Work to complete | The required output is the exact run of lines below that opens at the line with "taylorblairphoto | Hotel" and closes at the line with "Vintage White Ceramic".

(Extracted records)
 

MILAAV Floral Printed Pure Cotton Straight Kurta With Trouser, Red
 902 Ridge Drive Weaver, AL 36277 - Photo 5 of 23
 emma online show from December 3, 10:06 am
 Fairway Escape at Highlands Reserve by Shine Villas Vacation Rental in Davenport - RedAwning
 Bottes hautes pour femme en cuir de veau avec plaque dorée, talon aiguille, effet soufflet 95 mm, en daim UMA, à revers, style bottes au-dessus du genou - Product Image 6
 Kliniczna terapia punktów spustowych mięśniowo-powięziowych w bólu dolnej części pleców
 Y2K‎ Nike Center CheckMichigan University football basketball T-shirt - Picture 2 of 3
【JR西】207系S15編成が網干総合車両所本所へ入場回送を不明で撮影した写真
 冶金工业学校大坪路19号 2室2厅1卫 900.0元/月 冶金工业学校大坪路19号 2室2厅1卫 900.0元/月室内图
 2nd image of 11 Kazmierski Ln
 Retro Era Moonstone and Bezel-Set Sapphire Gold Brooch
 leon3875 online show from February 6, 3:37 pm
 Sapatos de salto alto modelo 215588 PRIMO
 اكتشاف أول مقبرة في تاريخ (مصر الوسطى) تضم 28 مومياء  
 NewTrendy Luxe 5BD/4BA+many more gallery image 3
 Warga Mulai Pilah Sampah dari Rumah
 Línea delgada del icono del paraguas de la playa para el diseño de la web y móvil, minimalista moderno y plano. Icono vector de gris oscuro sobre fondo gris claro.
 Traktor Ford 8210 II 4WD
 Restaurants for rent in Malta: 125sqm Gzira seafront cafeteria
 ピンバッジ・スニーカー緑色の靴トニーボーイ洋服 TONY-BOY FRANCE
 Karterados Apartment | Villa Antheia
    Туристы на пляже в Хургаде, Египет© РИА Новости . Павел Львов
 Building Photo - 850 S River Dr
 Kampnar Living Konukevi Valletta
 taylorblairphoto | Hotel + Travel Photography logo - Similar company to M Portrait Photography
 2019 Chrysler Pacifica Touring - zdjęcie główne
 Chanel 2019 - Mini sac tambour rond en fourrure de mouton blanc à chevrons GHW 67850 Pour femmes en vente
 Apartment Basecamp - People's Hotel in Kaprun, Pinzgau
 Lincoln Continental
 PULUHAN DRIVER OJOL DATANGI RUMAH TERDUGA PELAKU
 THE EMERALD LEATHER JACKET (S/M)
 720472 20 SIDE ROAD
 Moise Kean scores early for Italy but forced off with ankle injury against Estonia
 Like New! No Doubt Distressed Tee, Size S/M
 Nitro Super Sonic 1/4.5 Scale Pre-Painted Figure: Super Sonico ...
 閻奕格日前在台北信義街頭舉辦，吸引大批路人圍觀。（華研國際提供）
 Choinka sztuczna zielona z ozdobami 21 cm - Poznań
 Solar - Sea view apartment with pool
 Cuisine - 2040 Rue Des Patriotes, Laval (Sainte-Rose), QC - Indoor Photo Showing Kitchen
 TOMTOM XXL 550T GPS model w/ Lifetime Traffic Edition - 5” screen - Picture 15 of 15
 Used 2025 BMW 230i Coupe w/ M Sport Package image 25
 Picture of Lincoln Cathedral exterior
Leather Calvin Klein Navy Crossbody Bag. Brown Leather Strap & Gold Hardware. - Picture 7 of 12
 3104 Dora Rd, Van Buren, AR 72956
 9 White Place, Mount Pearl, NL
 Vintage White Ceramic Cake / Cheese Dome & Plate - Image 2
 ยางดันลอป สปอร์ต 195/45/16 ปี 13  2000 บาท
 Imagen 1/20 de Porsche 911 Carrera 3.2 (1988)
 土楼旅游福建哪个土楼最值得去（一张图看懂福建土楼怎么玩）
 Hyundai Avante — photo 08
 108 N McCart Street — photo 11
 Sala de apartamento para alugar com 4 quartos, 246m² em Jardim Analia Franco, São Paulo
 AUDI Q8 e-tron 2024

Written reply |
 taylorblairphoto | Hotel + Travel Photography logo - Similar company to M Portrait Photography
 2019 Chrysler Pacifica Touring - zdjęcie główne
 Chanel 2019 - Mini sac tambour rond en fourrure de mouton blanc à chevrons GHW 67850 Pour femmes en vente
 Apartment Basecamp - People's Hotel in Kaprun, Pinzgau
 Lincoln Continental
 PULUHAN DRIVER OJOL DATANGI RUMAH TERDUGA PELAKU
 THE EMERALD LEATHER JACKET (S/M)
 720472 20 SIDE ROAD
 Moise Kean scores early for Italy but forced off with ankle injury against Estonia
 Like New! No Doubt Distressed Tee, Size S/M
 Nitro Super Sonic 1/4.5 Scale Pre-Painted Figure: Super Sonico ...
 閻奕格日前在台北信義街頭舉辦，吸引大批路人圍觀。（華研國際提供）
 Choinka sztuczna zielona z ozdobami 21 cm - Poznań
 Solar - Sea view apartment with pool
 Cuisine - 2040 Rue Des Patriotes, Laval (Sainte-Rose), QC - Indoor Photo Showing Kitchen
 TOMTOM XXL 550T GPS model w/ Lifetime Traffic Edition - 5” screen - Picture 15 of 15
 Used 2025 BMW 230i Coupe w/ M Sport Package image 25
 Picture of Lincoln Cathedral exterior
Leather Calvin Klein Navy Crossbody Bag. Brown Leather Strap & Gold Hardware. - Picture 7 of 12
 3104 Dora Rd, Van Buren, AR 72956
 9 White Place, Mount Pearl, NL
 Vintage White Ceramic Cake / Cheese Dome & Plate - Image 2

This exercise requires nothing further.